We departed Atlanta at about 2:30 yesterday afternoon for a direct 7-hour flight to Anchorage, and can I say that Caetlin had a grand total of about 25 minutes of sleep the whole day? That, friends, makes for a very long flight. Everyone around us said she did very well- those few who were willing to talk to us or look at us, that is. In all honesty, she had a few high pitched shrieks that she's so fond of right now that probably disturbed some people, and one serious screaming metldown right after she woke up from her abbreviated nap. She was not happy about being awake, and we compounded the problem by trying to shift her onto the seat to make her more comfortable. Instead of her settling back into sleep as we hoped, she woke up and started really working herself up. Bruce walked her around- I tried to take her to the bathroom but the bathrooms in my immediate vicinity were all blocked by people in the aisles. She smashed into my face with her head about then, and left my cheek sore and swollen-feeling.

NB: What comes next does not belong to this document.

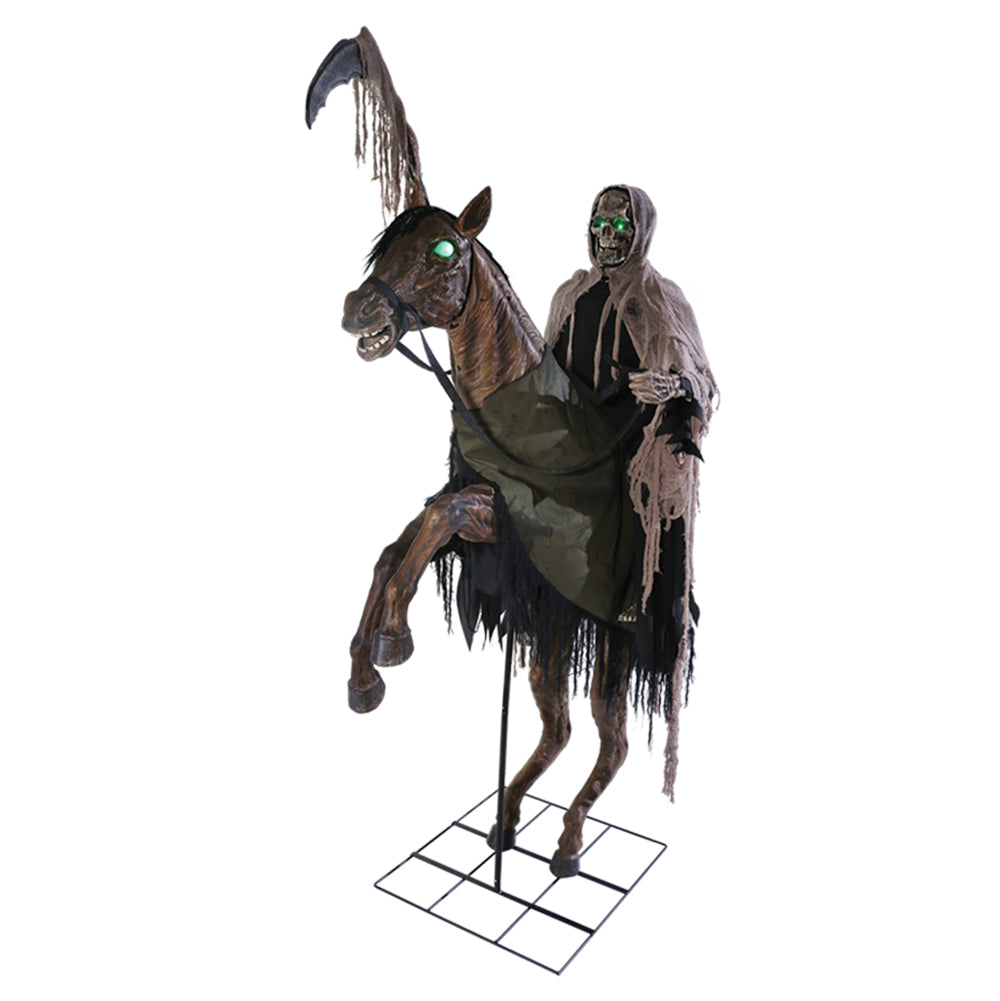 Reaper's Ride Animated Prop Halloween Animatronics - Tophatter Daily Deals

After Bruce took her, that's when I started crying. I admit, it was a low point for me. It was physical pain- my face hurt!- combined with sadness that I couldn't make Caetlin feel better, plus stress over getting the evil eye from those around us, plus hormones and exhaustion. She kind of calmed down when Bruce brought her back, but she didn't go back to sleep. She didn't sleep until we got her to the hotel and into the crib, by which point she looked nearly comatose and had little bags under her eyes. It was nearly midnight, east coast time, before she had any meaningful sleep.

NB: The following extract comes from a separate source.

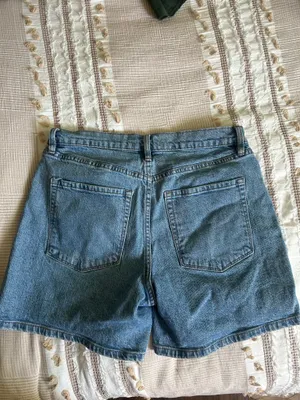 RSQ denim midi shorts thumbnail 3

Otherwise the flight wasn't bad. It was stressful working so hard to keep her happy, and as expected, some of the new stuff we brought for her went over big and some of the stuff tanked. I would like to take a minute and note that I wish there weren't such a stigma against children on airplanes. I understand why there is- I've been on planes where the child near me shrieked non-stop, and it's not fun. I just wish it weren't quite so culturally ingrained, where we feel like we have to put on a three-ring circus for our children just so they will stay quiet, or we as parents are the bad guys. When reading for ideas on how to entertain toddlers on long flights, I read a number of people's comments who were like, "Umm, yeah, Benadryl." This is so insulting on a number of levels. You seriously think I should drug my kid for your comfort? The loud amped-up teenagers next to you or the lady behind you who doesn't have headphones for her DVD player, or the salesman who is laughing too loudly in your ear- they are okay, but if my kid cries, well, I better take care of that right away, shouldn't I?

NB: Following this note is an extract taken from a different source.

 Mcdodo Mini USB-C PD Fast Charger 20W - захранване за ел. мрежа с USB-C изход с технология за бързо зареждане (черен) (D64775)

Sorry, I just hated that it was so incredibly stressful for us to fly, when Caetlin was, except for that 10 minute stretch, no more annoying than any of those kinds of people I named above.

ANYWAY, we made it (the descent into Anchorage was a little bumpy and I immediately realized I was pregnant by getting very airsick, not the needing-the-bag kind, fortunately, but as prone as I am to carsickness, I never get airsick, unless, apparently, I am pregnant), lugging our ridiculous amounts of baggage, and got to the hotel, where we put Caetlin down, ordered food, discovered that the TV in the living room part of our suite is broken and would not let us watch So You Think You Can Dance, and basically went to bed. I was so tired that I stopped eating not because I was full, but because I physically didn't want to expend the effort to continue to manipulate the utensils to continue eating. Let me say that I could have, if I had been hungrier- I don't want to mislead anyone into thinking I was truly utterly exhausted, as opposed to just hyperbolically utterly exhausted. But I really was utterly exhausted. (The second kind.)

I woke up at about 2:30 local time and noticed that outside seemed to have taken on an odd orange cast, during the brief Anchorage "night."

We all awoke at about 5:30 for good, though we just kind of laid around until 7. Then we met our friends whom we are visiting for breakfast. More on our Alaskan 4th of July later.